Klasse Musik an der Zille-Grundschule

Kulturstaatssekretär Tobias Dünow besucht Projekt in Stahnsdorf, bei dem die Musikschule draufzahlt

  • Andreas Fritsche
  • Lesedauer: 5 Min.
Musikschüler spielten am 22. Juni vor dem Potsdamer Landtag, um auf die Geldsorgen der Musikschulen aufmerksam zu machen.
Musikschüler spielten am 22. Juni vor dem Potsdamer Landtag, um auf die Geldsorgen der Musikschulen aufmerksam zu machen.
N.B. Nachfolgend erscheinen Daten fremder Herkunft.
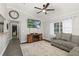 Comfortable living room with dark wood floors, a fireplace, and a large television at 5380 County Road 122, Wildwood, FL 34785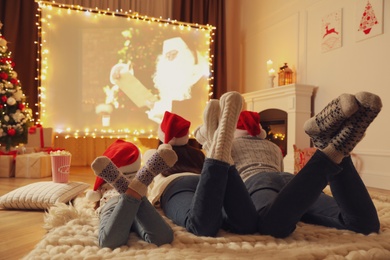 Family watching movie on projection screen in room decorated for Christmas. Home TV equipment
In diesem Raum der Heinrich-Zille-Grundschule von Stahnsdorf stehen nur wenige Tische und Stühle. Es ist reichlich Platz und den nutzen die Jungen und Mädchen am Dienstag. Sie stehen sich in einem inneren und einem äußeren Kreis gegenüber. Sie singen. Sie klatschen dazu rhythmisch auf die Schenkel und in die Hände des Kindes vor ihnen – und nach einer Weile hüpfen sie so weiter, dass jeder vor dem nächsten Partner steht. Später setzen sich alle und singen: »Die lauten Töne lernen, aber auch die leisen« und »Das ist klasse Musik«.
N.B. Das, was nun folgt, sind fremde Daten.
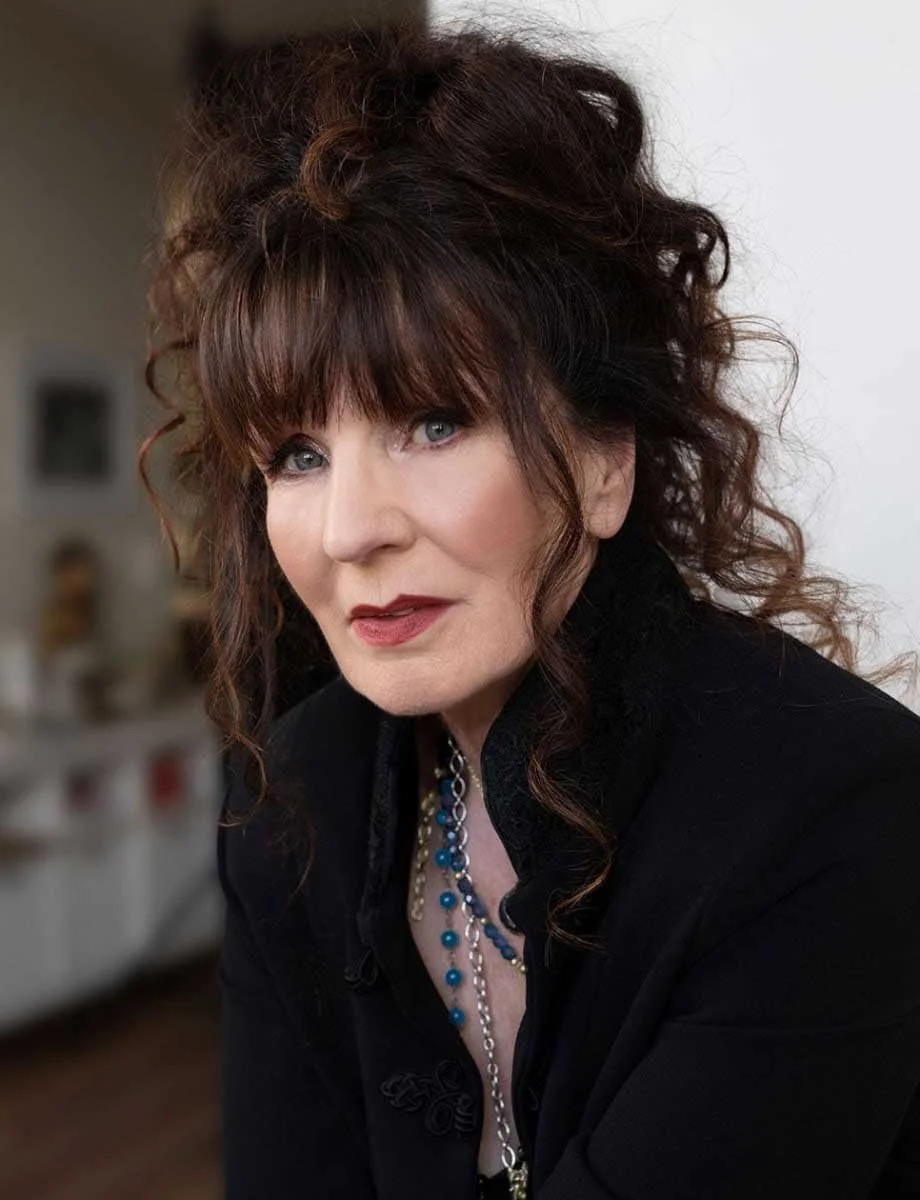 A woman with curly brown hair, blue eyes, wearing a black top and layered necklaces, posing indoors.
Brandenburgs Kulturstaatssekretär Tobias Dünow (SPD) hat sich etwas verspätet. Er schlüpft ein paar Minuten nach Unterrichtsbeginn in den Klassenraum, winkt den Kindern zu, als die ihn winkend begrüßen. 300 Grundschulklassen landesweit gehören zum Projekt »Klasse Musik«. Sie werden zwei Stunden pro Woche gemeinsam von einem Musiklehrer und einem Musikschullehrer unterrichtet. Die Kinder lernen dabei oft ein Blas- oder ein Streichinstrument zu spielen. Die Klasse an der Heinrich-Zille-Grundschule singt – angeleitet von einer Musiklehrerin, die hier immer arbeitet, und von einer Musikschullehrerin, die extra von der Kreismusikschule »Engelbert Humperdinck« kommt.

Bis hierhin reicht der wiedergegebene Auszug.